(Records for this exercise)
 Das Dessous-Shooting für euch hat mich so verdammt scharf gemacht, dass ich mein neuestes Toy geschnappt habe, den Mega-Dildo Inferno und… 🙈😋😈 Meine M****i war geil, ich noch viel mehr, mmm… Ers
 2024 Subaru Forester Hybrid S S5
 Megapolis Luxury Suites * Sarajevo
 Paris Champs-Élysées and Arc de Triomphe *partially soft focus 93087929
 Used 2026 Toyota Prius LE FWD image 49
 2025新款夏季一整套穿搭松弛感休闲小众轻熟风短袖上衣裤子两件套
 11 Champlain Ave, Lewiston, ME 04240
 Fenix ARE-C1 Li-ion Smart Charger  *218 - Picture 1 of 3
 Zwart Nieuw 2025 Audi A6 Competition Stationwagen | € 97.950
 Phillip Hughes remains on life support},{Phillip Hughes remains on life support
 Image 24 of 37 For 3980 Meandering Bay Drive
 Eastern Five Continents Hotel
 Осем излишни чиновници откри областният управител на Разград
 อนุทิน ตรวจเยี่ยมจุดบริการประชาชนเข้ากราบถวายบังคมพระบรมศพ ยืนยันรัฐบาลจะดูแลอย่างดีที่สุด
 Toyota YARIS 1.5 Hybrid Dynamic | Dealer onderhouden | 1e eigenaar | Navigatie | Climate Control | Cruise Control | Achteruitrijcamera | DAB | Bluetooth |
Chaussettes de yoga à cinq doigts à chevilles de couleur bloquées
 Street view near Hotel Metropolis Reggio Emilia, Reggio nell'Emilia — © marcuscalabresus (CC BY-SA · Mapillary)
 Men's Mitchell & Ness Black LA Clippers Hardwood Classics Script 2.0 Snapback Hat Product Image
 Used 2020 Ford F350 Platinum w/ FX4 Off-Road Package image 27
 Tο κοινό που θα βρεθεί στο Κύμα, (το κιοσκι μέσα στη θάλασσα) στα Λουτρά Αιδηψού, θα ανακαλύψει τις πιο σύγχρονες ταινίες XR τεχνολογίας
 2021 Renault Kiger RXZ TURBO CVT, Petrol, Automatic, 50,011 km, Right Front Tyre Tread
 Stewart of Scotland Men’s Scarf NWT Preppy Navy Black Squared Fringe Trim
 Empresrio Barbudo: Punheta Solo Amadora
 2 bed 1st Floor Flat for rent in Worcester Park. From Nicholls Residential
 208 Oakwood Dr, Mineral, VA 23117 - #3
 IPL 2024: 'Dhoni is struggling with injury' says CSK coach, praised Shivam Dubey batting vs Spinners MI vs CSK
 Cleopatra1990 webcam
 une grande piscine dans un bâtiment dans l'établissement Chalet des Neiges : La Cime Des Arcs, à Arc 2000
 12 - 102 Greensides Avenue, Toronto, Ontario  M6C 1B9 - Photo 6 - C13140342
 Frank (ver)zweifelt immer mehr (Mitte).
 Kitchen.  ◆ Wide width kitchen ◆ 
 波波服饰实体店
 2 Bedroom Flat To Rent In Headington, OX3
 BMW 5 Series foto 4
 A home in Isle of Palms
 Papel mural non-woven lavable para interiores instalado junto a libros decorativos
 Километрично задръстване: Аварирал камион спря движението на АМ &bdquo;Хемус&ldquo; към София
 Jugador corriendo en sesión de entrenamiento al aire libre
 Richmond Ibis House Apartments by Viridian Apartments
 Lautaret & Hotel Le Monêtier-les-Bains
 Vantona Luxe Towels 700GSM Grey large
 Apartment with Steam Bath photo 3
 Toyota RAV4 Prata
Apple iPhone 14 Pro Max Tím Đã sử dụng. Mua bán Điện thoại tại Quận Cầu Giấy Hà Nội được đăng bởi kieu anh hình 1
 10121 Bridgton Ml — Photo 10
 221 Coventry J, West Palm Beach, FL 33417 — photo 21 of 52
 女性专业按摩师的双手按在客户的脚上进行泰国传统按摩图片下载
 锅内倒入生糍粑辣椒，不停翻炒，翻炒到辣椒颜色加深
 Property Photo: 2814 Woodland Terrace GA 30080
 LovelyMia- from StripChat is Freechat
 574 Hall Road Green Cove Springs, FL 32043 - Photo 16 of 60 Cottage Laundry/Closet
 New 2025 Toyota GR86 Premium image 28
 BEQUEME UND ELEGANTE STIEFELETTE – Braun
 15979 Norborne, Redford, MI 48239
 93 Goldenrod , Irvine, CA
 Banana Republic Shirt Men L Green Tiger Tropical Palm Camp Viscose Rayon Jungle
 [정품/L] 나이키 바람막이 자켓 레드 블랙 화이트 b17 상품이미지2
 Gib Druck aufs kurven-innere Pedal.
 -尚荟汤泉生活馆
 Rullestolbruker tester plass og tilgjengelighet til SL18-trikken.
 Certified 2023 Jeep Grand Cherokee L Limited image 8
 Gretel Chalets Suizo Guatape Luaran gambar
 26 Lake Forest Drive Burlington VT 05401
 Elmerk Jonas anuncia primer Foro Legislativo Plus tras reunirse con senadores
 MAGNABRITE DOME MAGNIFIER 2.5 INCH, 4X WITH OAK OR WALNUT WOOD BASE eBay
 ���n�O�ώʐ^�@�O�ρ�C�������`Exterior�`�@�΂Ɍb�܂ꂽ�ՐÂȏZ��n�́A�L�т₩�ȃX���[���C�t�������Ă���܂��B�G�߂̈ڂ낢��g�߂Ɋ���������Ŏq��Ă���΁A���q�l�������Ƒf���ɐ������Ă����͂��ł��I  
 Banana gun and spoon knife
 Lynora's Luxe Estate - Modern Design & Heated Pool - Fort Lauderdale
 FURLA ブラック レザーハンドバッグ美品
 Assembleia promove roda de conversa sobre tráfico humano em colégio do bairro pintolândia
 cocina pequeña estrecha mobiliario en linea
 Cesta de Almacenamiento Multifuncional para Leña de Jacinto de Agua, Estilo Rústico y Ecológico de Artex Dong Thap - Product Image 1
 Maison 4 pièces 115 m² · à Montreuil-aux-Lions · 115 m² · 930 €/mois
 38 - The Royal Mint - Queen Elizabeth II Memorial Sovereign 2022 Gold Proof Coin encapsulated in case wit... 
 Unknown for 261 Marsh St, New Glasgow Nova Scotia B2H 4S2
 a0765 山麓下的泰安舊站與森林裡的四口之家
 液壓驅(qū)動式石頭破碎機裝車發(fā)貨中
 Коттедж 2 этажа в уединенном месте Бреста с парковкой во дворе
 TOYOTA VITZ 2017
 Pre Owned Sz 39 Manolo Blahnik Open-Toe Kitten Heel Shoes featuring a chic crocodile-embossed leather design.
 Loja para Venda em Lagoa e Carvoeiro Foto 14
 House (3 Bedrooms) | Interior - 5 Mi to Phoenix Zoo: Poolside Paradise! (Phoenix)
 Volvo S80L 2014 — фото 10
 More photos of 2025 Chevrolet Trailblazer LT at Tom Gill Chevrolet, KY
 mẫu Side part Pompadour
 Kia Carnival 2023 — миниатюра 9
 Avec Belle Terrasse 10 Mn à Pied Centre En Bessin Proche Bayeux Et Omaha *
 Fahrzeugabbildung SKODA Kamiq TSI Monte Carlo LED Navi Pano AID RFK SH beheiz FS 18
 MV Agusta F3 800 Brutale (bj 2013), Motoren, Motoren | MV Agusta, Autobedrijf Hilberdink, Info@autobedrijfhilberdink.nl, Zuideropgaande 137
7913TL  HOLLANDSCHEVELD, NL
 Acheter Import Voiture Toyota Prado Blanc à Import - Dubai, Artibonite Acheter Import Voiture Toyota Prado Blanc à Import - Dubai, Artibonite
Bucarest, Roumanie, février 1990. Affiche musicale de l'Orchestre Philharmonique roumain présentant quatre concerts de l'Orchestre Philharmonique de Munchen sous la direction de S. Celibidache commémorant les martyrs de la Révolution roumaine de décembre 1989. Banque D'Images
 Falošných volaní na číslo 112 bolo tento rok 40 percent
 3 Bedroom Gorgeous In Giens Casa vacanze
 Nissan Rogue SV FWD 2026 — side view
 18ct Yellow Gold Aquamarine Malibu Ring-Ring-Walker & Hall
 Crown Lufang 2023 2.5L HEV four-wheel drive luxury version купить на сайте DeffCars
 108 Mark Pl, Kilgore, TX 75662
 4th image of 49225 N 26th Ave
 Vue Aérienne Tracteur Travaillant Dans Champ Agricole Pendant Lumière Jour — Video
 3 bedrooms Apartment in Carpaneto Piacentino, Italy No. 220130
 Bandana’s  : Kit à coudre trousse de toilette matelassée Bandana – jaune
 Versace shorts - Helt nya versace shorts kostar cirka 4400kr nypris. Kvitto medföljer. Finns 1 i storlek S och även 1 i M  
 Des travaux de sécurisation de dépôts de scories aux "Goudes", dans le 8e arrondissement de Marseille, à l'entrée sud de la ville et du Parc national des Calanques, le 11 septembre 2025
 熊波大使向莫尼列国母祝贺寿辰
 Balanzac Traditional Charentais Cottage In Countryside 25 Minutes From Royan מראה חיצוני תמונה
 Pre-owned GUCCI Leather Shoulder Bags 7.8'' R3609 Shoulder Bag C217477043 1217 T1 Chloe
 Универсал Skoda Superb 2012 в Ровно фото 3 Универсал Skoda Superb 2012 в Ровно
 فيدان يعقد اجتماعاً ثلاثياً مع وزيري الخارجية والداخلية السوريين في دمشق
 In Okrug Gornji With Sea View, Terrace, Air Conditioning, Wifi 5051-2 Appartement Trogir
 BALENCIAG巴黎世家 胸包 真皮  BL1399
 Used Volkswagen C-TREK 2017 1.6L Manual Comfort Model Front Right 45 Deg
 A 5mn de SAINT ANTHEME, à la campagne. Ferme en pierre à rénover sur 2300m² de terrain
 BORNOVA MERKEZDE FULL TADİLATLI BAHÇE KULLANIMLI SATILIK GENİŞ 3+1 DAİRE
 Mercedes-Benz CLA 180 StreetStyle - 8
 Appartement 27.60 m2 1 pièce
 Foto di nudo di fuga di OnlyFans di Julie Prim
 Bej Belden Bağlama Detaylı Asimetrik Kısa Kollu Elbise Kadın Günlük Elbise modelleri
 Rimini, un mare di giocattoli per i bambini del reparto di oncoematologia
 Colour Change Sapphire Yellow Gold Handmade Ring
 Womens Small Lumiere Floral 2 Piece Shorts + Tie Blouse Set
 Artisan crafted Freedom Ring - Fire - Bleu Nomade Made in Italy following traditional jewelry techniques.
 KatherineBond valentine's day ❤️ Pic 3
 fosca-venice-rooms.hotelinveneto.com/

(Your objective) Up to and including the line with "2021 Renault Kiger", please return the records exactly, beginning from their first line.

(Answer)
 Das Dessous-Shooting für euch hat mich so verdammt scharf gemacht, dass ich mein neuestes Toy geschnappt habe, den Mega-Dildo Inferno und… 🙈😋😈 Meine M****i war geil, ich noch viel mehr, mmm… Ers
 2024 Subaru Forester Hybrid S S5
 Megapolis Luxury Suites * Sarajevo
 Paris Champs-Élysées and Arc de Triomphe *partially soft focus 93087929
 Used 2026 Toyota Prius LE FWD image 49
 2025新款夏季一整套穿搭松弛感休闲小众轻熟风短袖上衣裤子两件套
 11 Champlain Ave, Lewiston, ME 04240
 Fenix ARE-C1 Li-ion Smart Charger  *218 - Picture 1 of 3
 Zwart Nieuw 2025 Audi A6 Competition Stationwagen | € 97.950
 Phillip Hughes remains on life support},{Phillip Hughes remains on life support
 Image 24 of 37 For 3980 Meandering Bay Drive
 Eastern Five Continents Hotel
 Осем излишни чиновници откри областният управител на Разград
 อนุทิน ตรวจเยี่ยมจุดบริการประชาชนเข้ากราบถวายบังคมพระบรมศพ ยืนยันรัฐบาลจะดูแลอย่างดีที่สุด
 Toyota YARIS 1.5 Hybrid Dynamic | Dealer onderhouden | 1e eigenaar | Navigatie | Climate Control | Cruise Control | Achteruitrijcamera | DAB | Bluetooth |
Chaussettes de yoga à cinq doigts à chevilles de couleur bloquées
 Street view near Hotel Metropolis Reggio Emilia, Reggio nell'Emilia — © marcuscalabresus (CC BY-SA · Mapillary)
 Men's Mitchell & Ness Black LA Clippers Hardwood Classics Script 2.0 Snapback Hat Product Image
 Used 2020 Ford F350 Platinum w/ FX4 Off-Road Package image 27
 Tο κοινό που θα βρεθεί στο Κύμα, (το κιοσκι μέσα στη θάλασσα) στα Λουτρά Αιδηψού, θα ανακαλύψει τις πιο σύγχρονες ταινίες XR τεχνολογίας
 2021 Renault Kiger RXZ TURBO CVT, Petrol, Automatic, 50,011 km, Right Front Tyre Tread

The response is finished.